▼

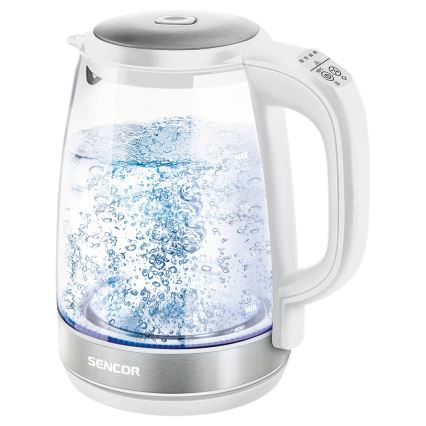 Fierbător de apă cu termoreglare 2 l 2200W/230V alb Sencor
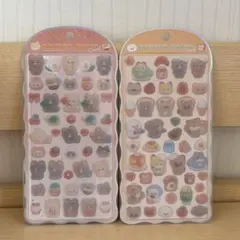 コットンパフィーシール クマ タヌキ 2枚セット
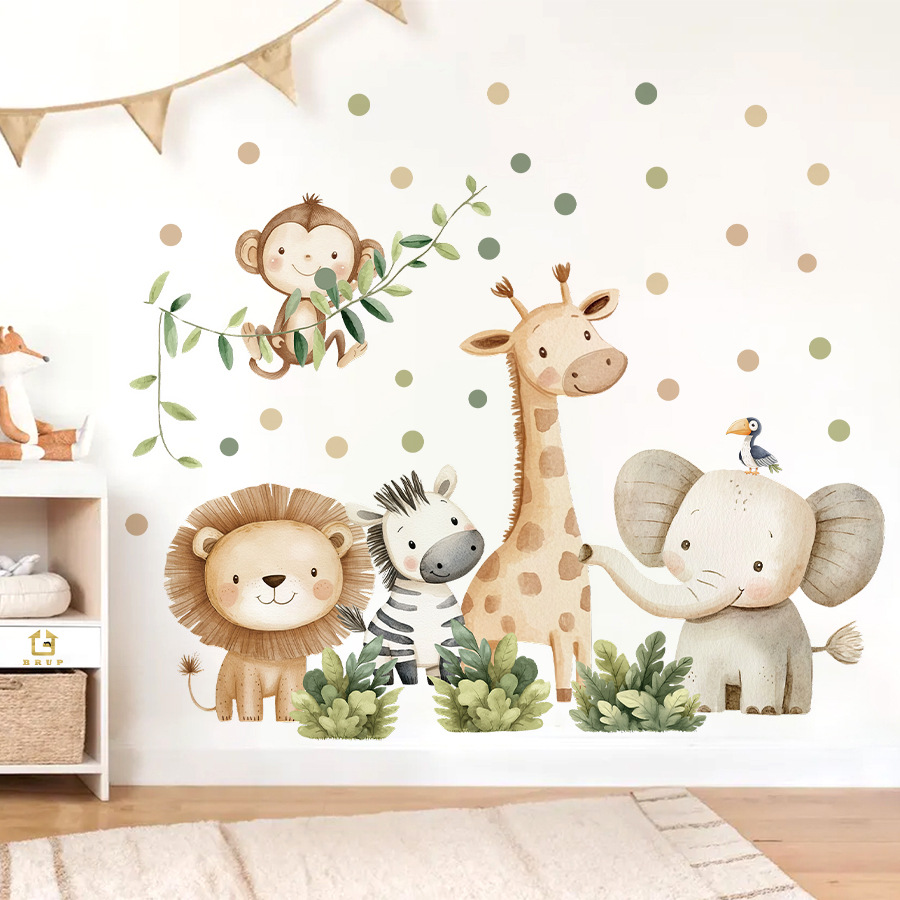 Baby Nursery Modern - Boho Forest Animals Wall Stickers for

▲
▼

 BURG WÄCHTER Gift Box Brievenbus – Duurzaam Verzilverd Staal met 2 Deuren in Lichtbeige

▲
▼

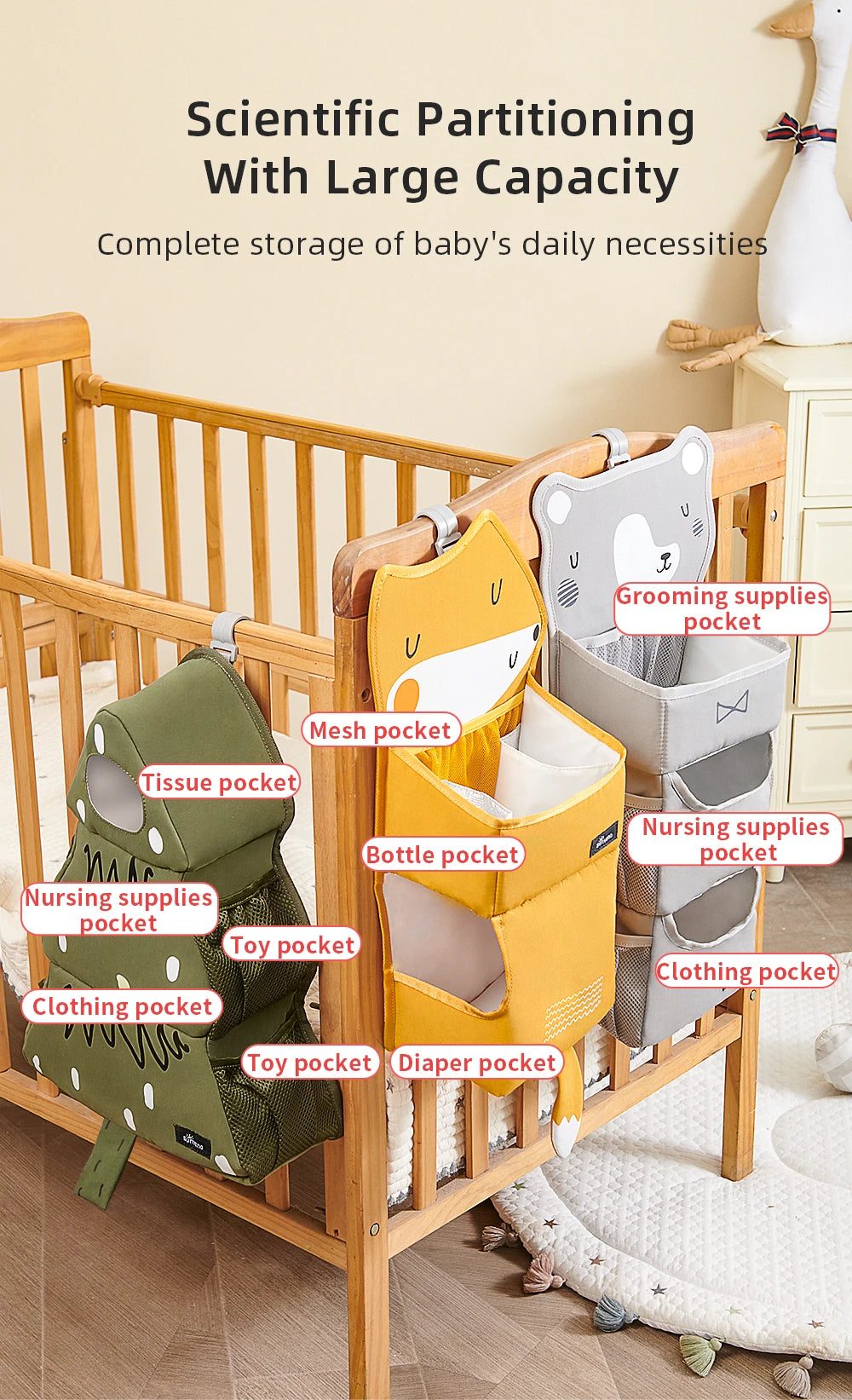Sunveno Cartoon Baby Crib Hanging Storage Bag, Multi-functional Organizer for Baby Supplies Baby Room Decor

▲

Pictures aside, print exactly the lines above starting with the one containing "Fierbător de apă" and going on through the one containing "Baby Nursery Modern".

Result -
 Fierbător de apă cu termoreglare 2 l 2200W/230V alb Sencor
 コットンパフィーシール クマ タヌキ 2枚セット
 Baby Nursery Modern - Boho Forest Animals Wall Stickers for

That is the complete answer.